» The problem: When the line with "Steve Madden Jones" comes up, set it down and every later line to the end of the data, exactly and without pictures.

===== Information given

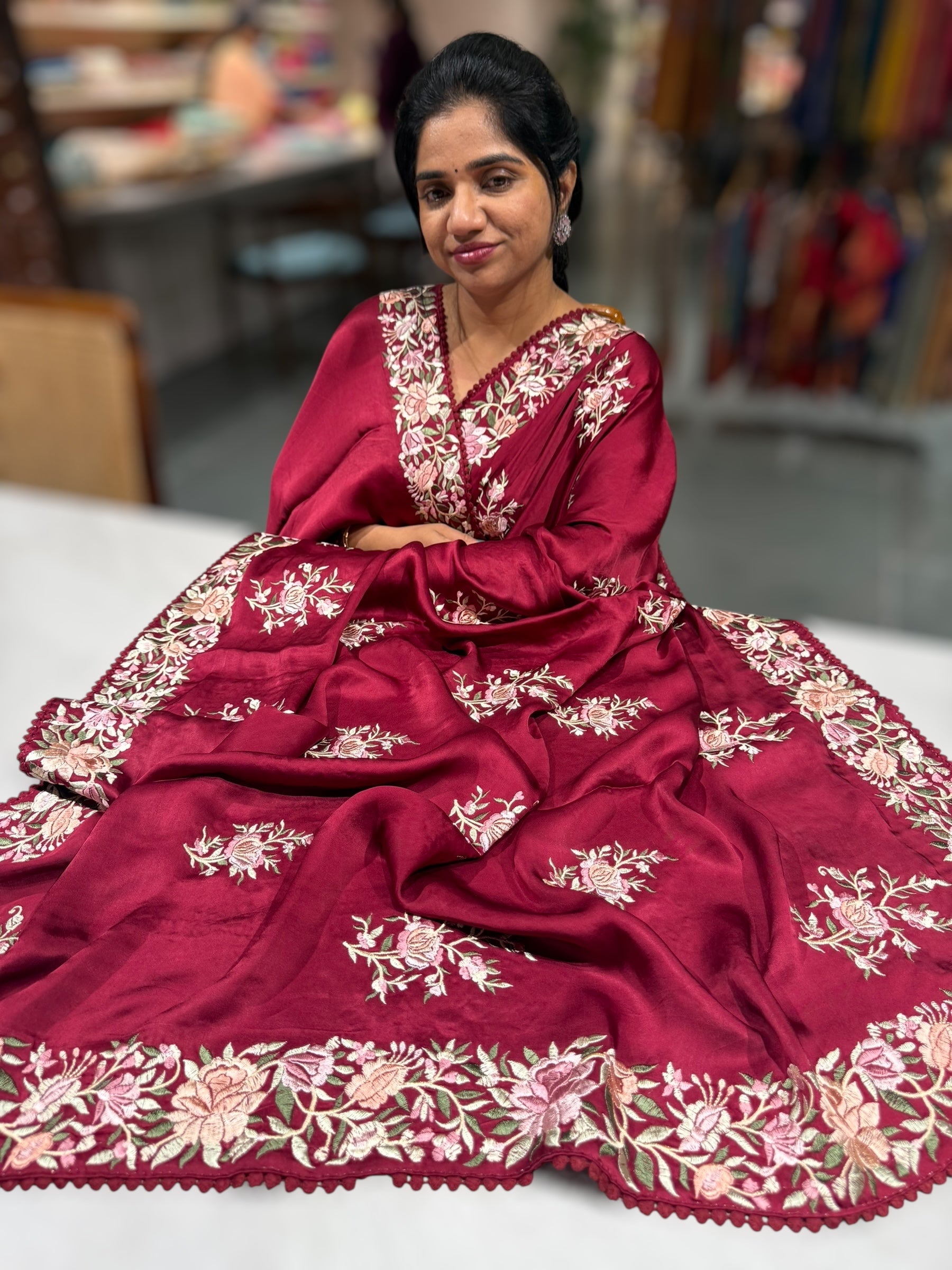 Burgundy Satin Saree with Parsi Gara embroidery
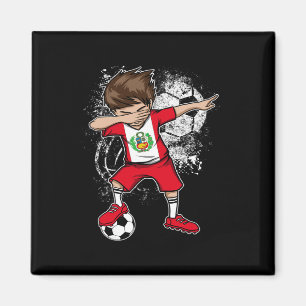 Íman Menino Dabbing Camisa de Futebol do Peru Jersey Pé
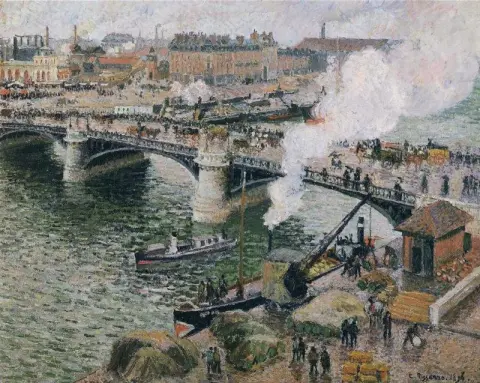 Die Boieldieu-Brücke in Rouen, nasses Wetter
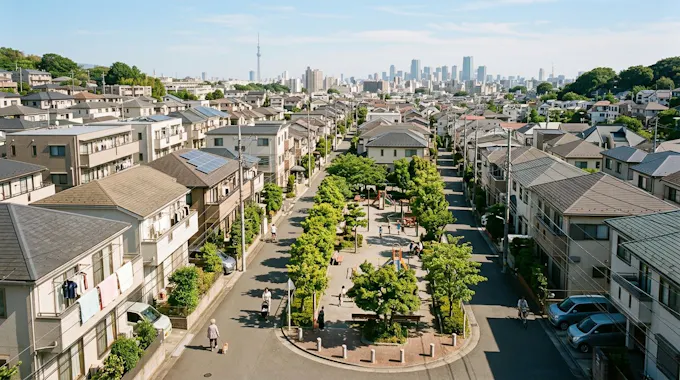 東京23区の住宅地の街並み
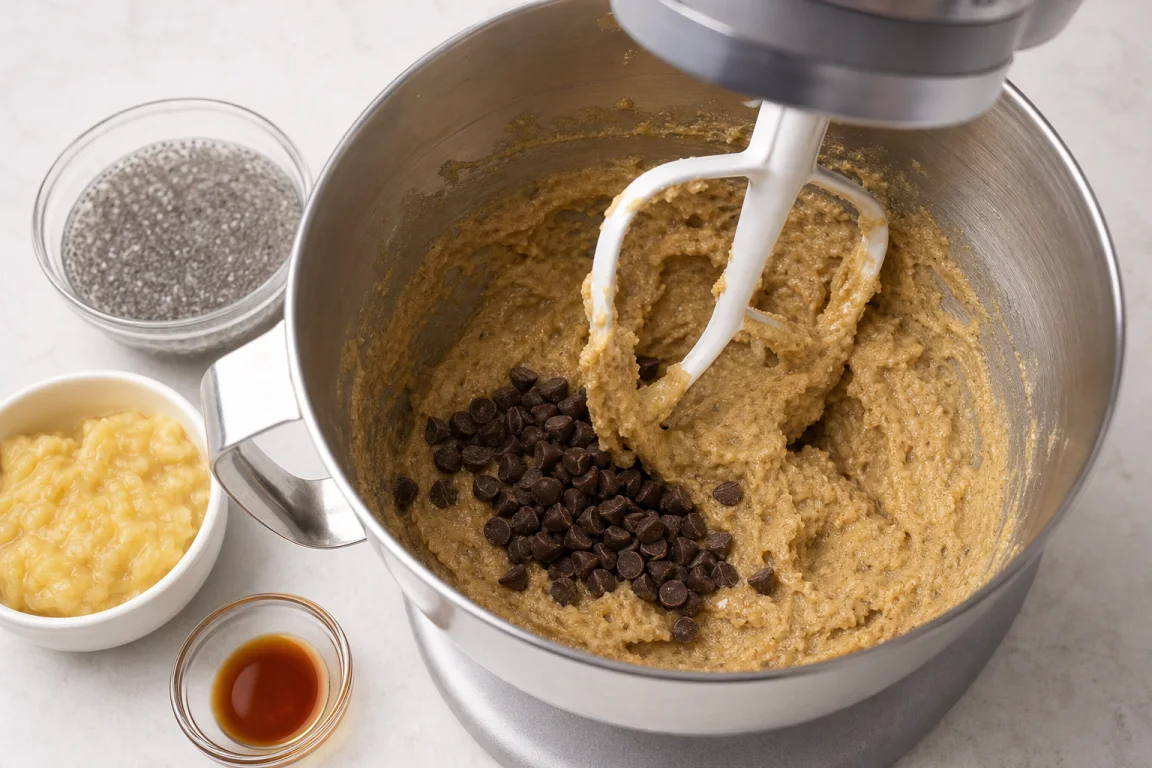 Illustration de l’étape « Étape 4 » pour la recette Cookies de protéines de pain de banane au chocolat.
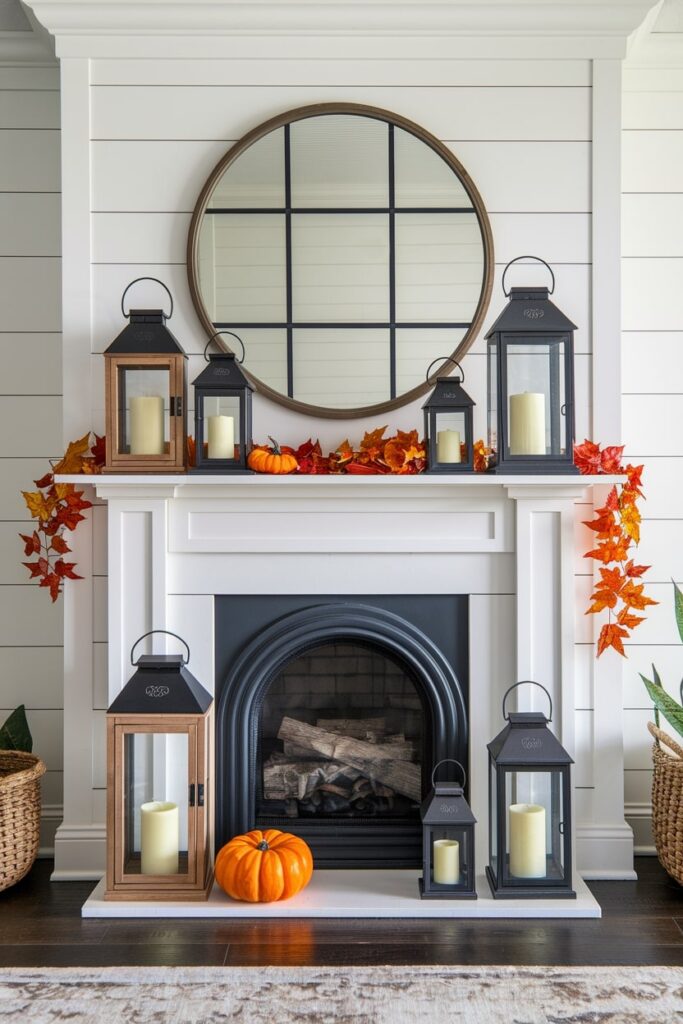 various lanterns with LED candles, fall leaf garland, mini pumpkins as Thanksgiving mantel decor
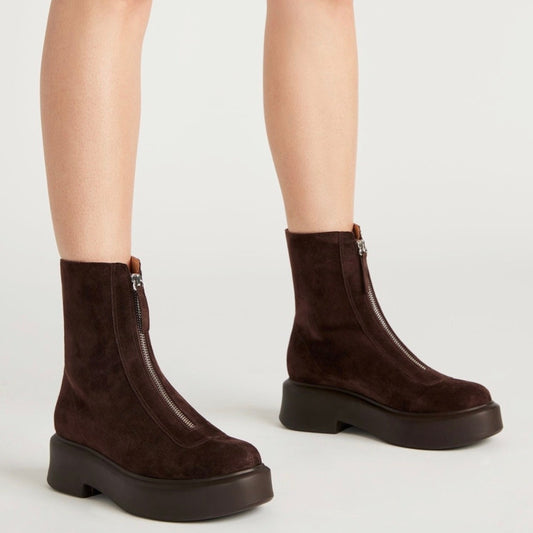 Steve Madden Jones Boots Womens 9.5M Brown Suede Leather Zip Front Ankle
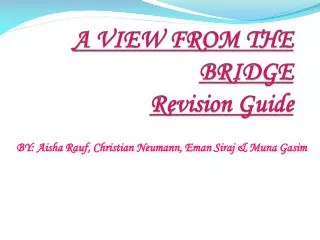 A VIEW FROM THE BRIDGE Revision Guide
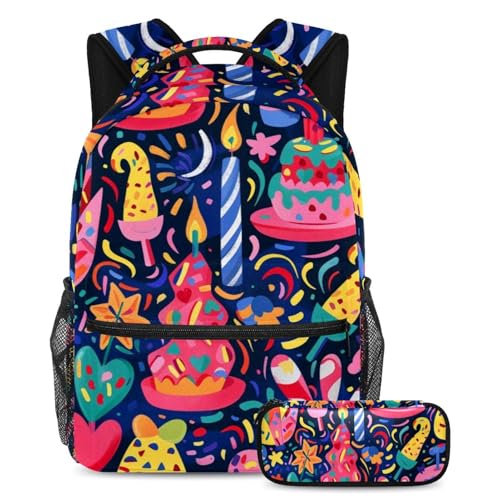 Sac à dos Happy Birthday coloré grand format avec trousse assortie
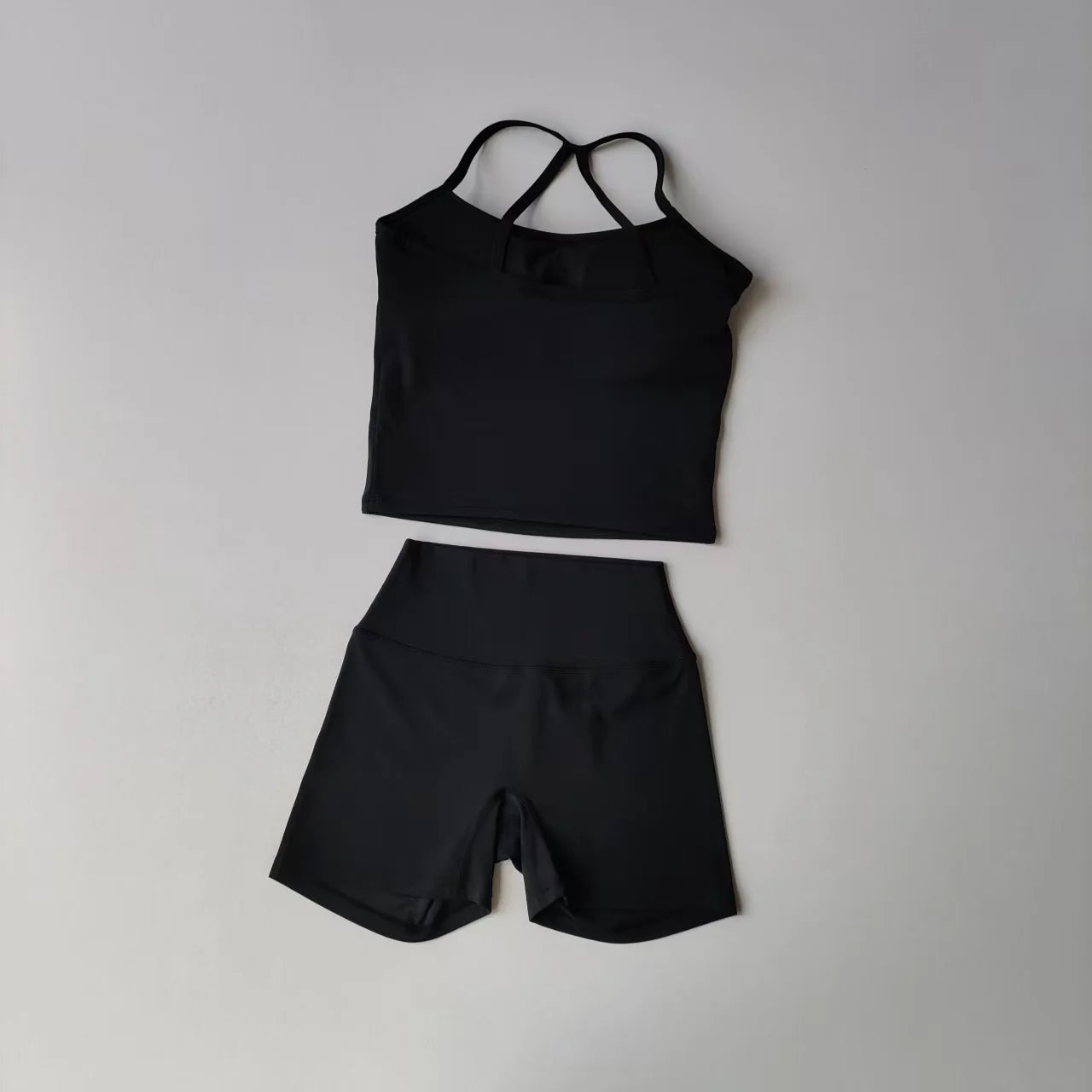 SKINOFSKIN Yoga Set Halter Top and Seamless Ribbed Shorts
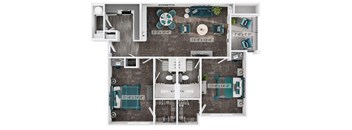 2 Bed 2 Bath Floorplan B at Silverleaf Apartments, Texas, 76120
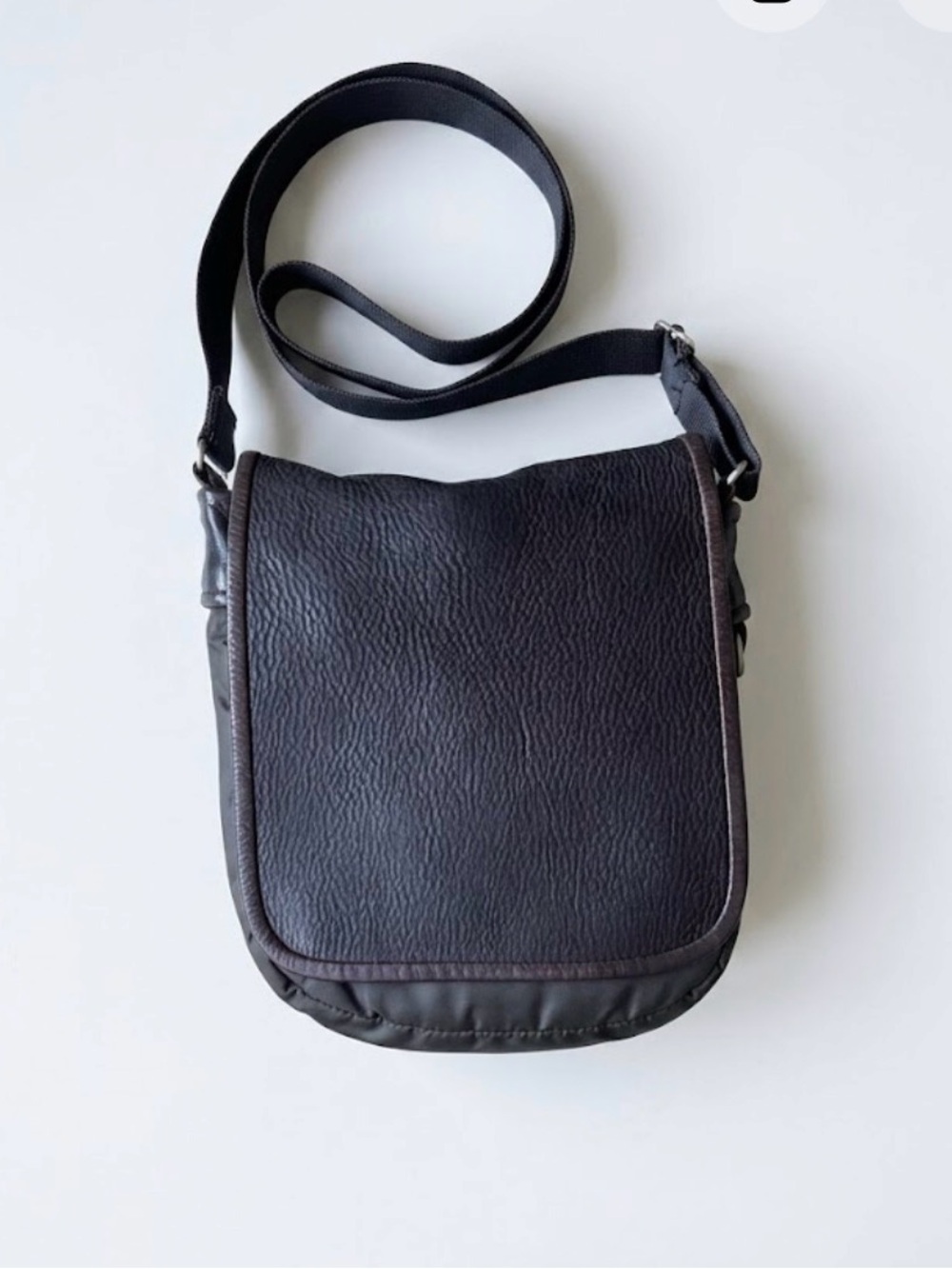 Dark Brown Leather Crossbody Bag - Adjustable Strap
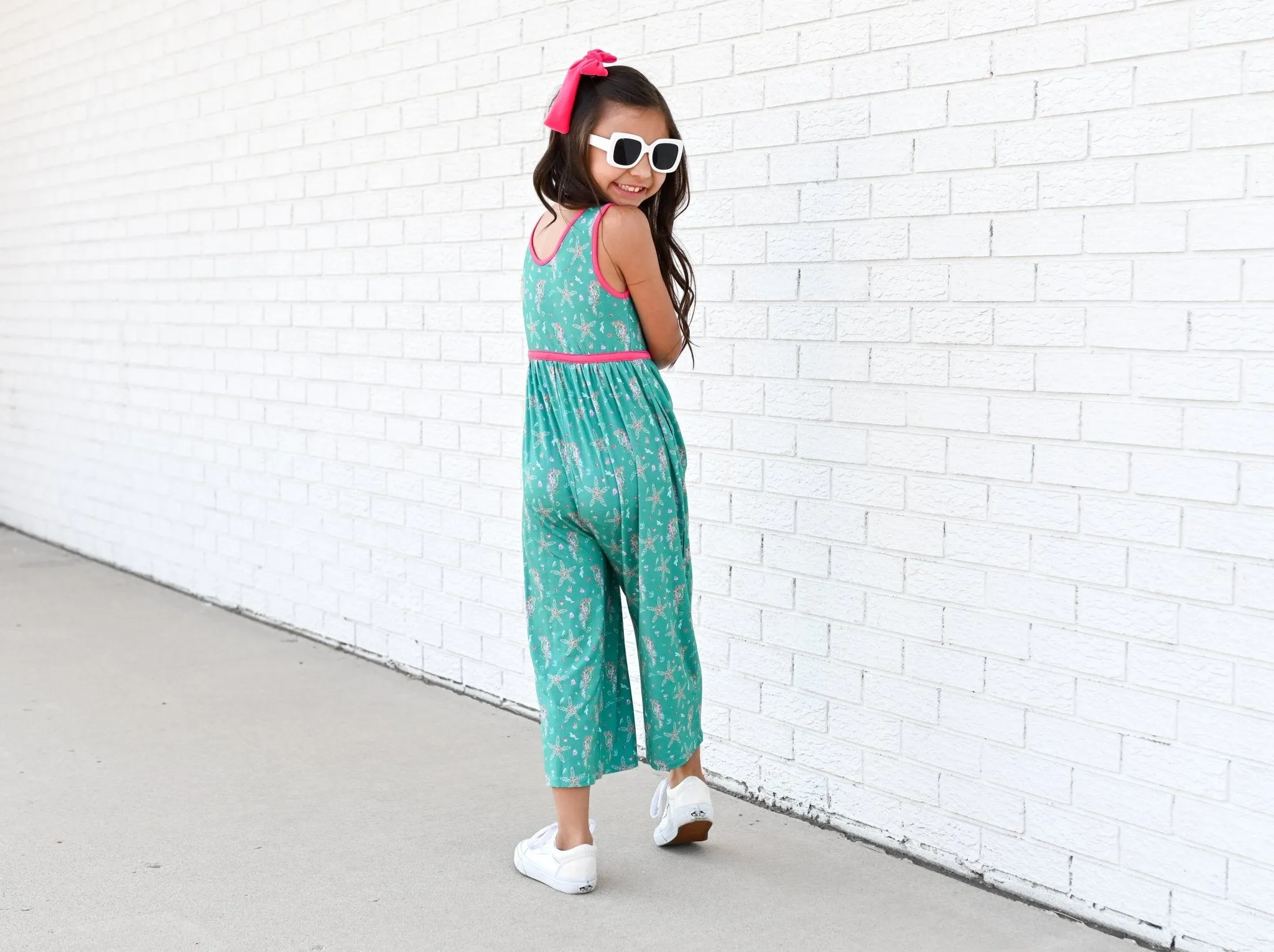 Wide Leg Romper in Dancing Seahorses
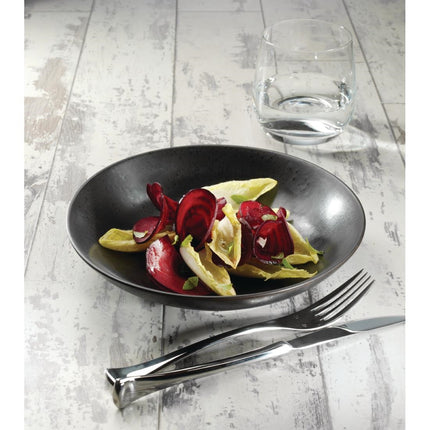 Black Round Plates 20.3cm | Olympia Fusion 9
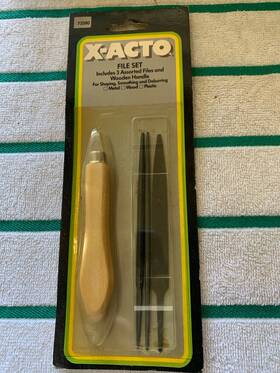 73580 X-acto File Set With Handle Flat Round Triangle Files #73580 Wood Metal New
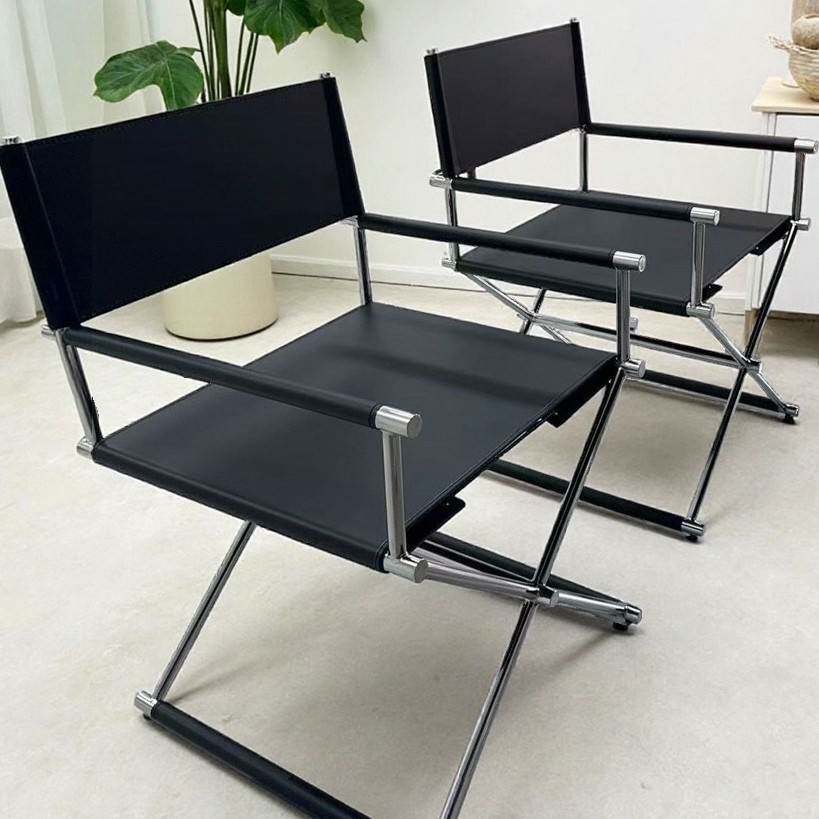 Vasily chair - vintage-inspired designer white stainless steel saddle leather folding leisure sofa chair/dining chair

==========

» Task response:
 Steve Madden Jones Boots Womens 9.5M Brown Suede Leather Zip Front Ankle
 A VIEW FROM THE BRIDGE Revision Guide
 Sac à dos Happy Birthday coloré grand format avec trousse assortie
 SKINOFSKIN Yoga Set Halter Top and Seamless Ribbed Shorts
 2 Bed 2 Bath Floorplan B at Silverleaf Apartments, Texas, 76120
 Dark Brown Leather Crossbody Bag - Adjustable Strap
 Wide Leg Romper in Dancing Seahorses
 Black Round Plates 20.3cm | Olympia Fusion 9
 73580 X-acto File Set With Handle Flat Round Triangle Files #73580 Wood Metal New
 Vasily chair - vintage-inspired designer white stainless steel saddle leather folding leisure sofa chair/dining chair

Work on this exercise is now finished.